Crawled caption data
--- START ---
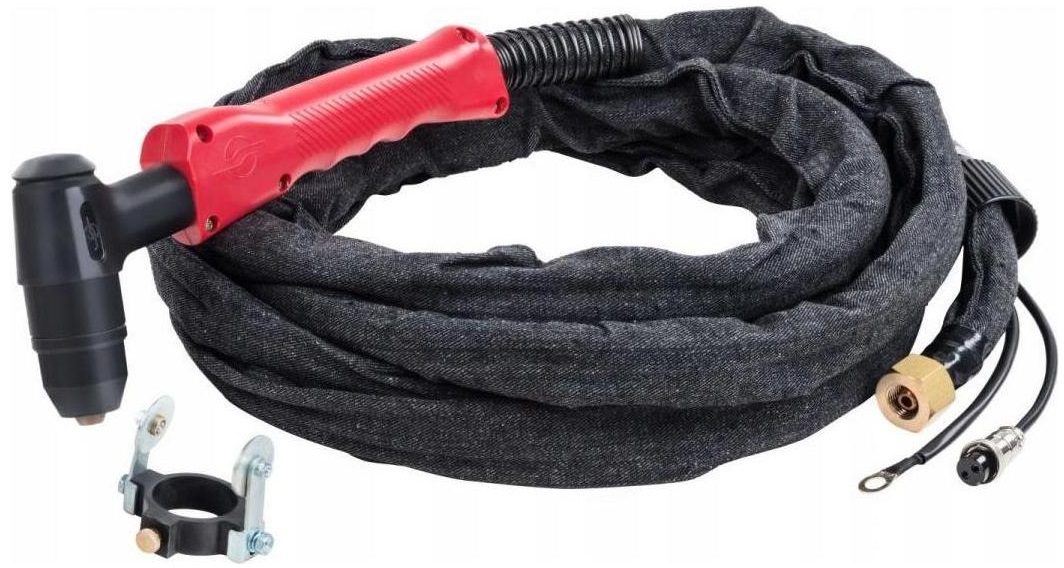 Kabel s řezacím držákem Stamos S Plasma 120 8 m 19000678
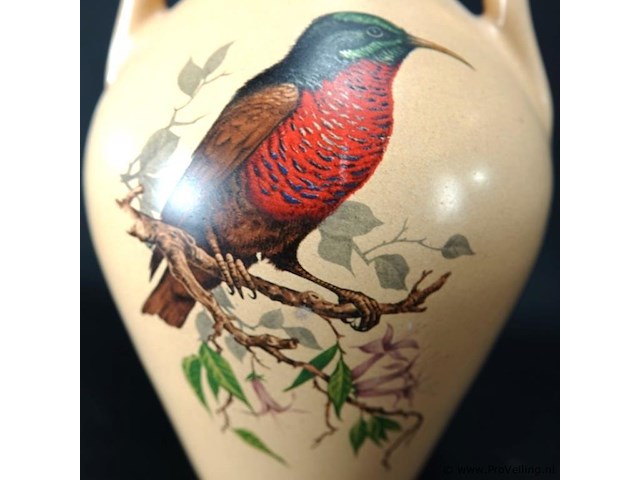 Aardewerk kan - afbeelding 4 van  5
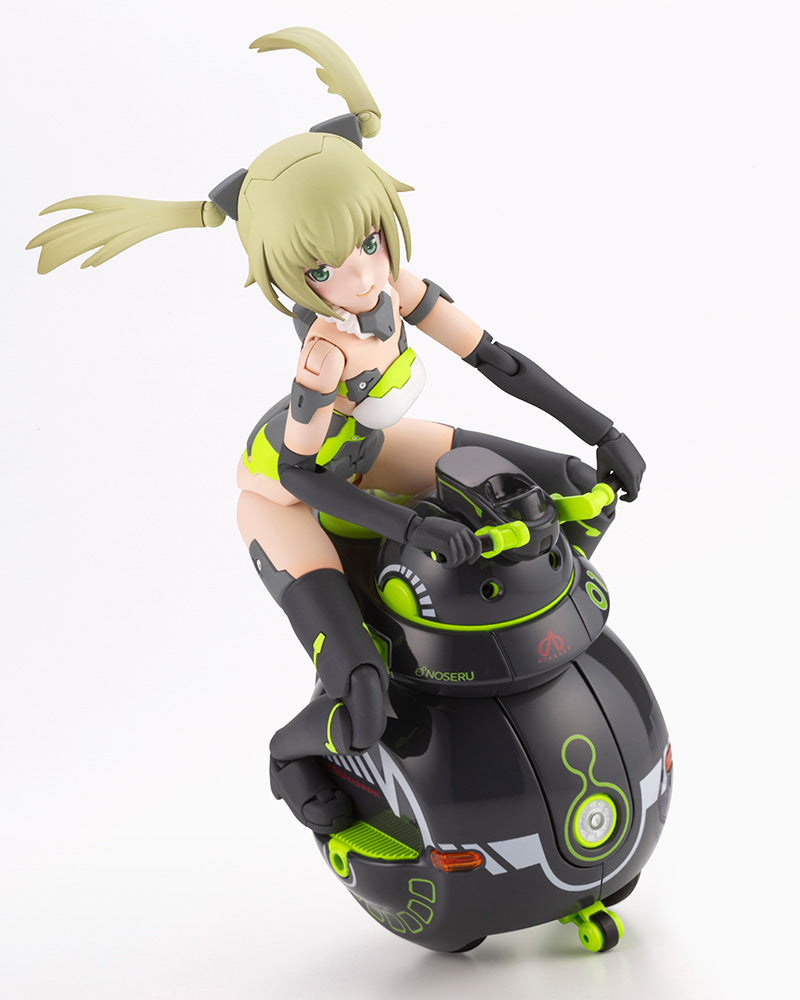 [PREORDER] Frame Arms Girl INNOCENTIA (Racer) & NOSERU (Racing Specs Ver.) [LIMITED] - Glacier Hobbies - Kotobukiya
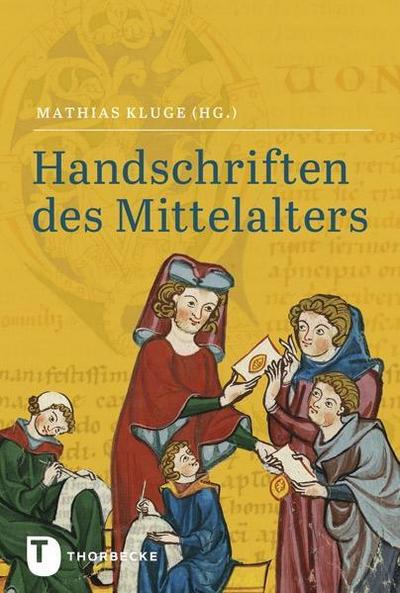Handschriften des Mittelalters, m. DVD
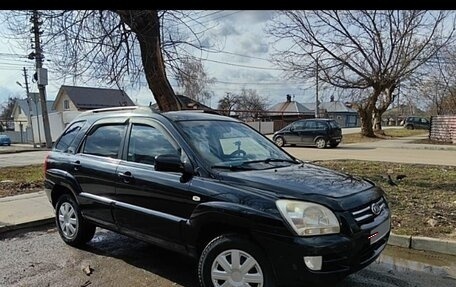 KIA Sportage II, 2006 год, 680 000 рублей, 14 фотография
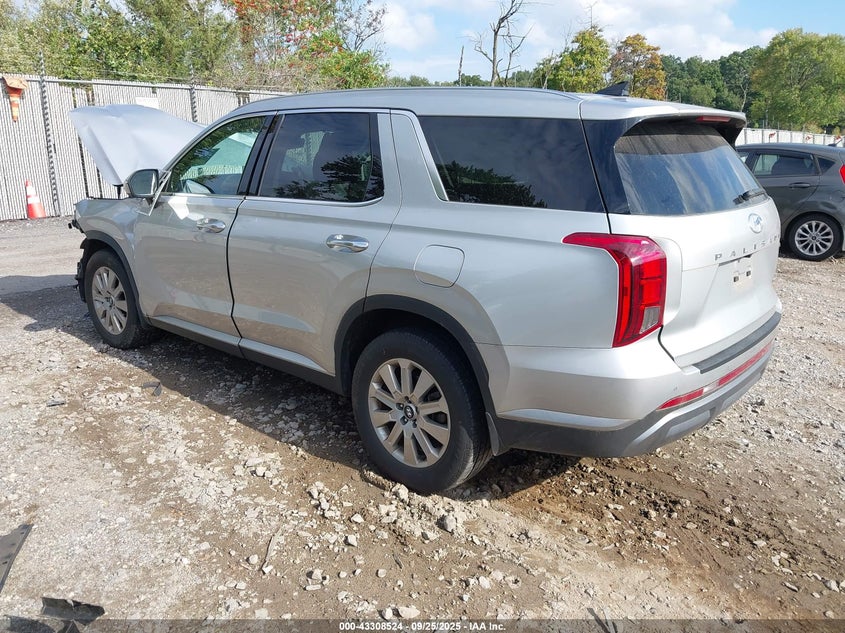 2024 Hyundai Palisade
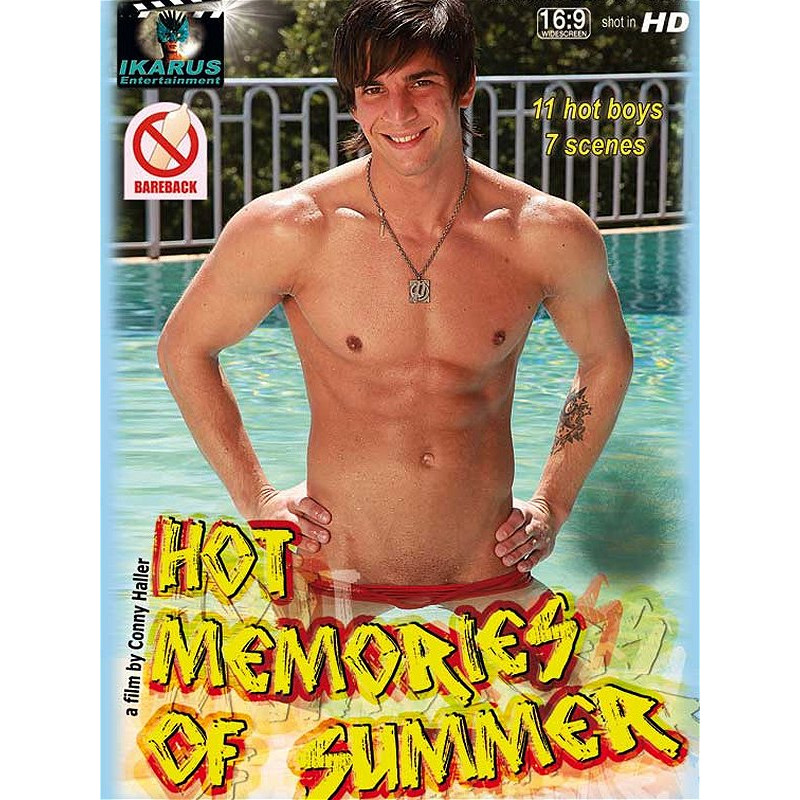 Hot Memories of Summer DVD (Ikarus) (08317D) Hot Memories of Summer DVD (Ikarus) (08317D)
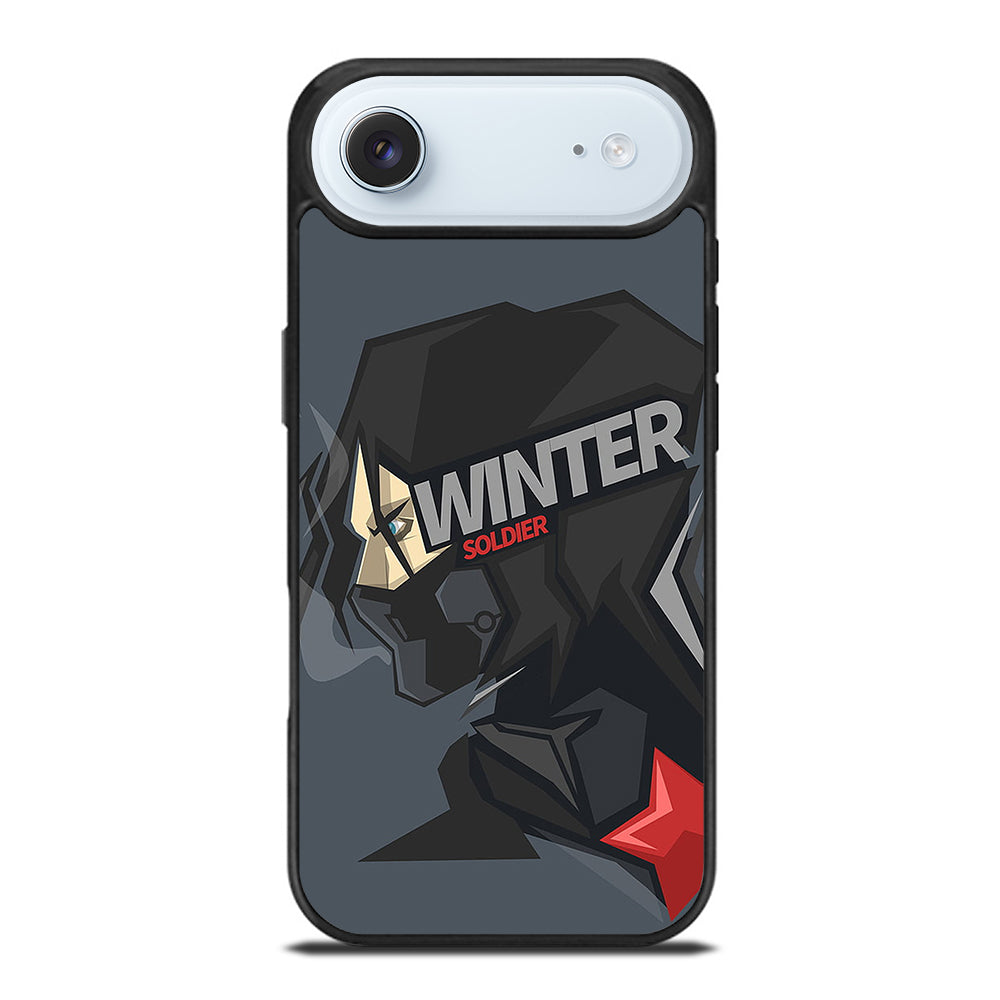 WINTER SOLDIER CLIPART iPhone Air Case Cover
--- END ---
» Problem description:
Omit every picture, and please return the entries exactly from the first line through the line with "Handschriften des Mittelalters, m. DVD", both included.

» Exercise solution:
 Kabel s řezacím držákem Stamos S Plasma 120 8 m 19000678
 Aardewerk kan - afbeelding 4 van  5
 [PREORDER] Frame Arms Girl INNOCENTIA (Racer) & NOSERU (Racing Specs Ver.) [LIMITED] - Glacier Hobbies - Kotobukiya
Handschriften des Mittelalters, m. DVD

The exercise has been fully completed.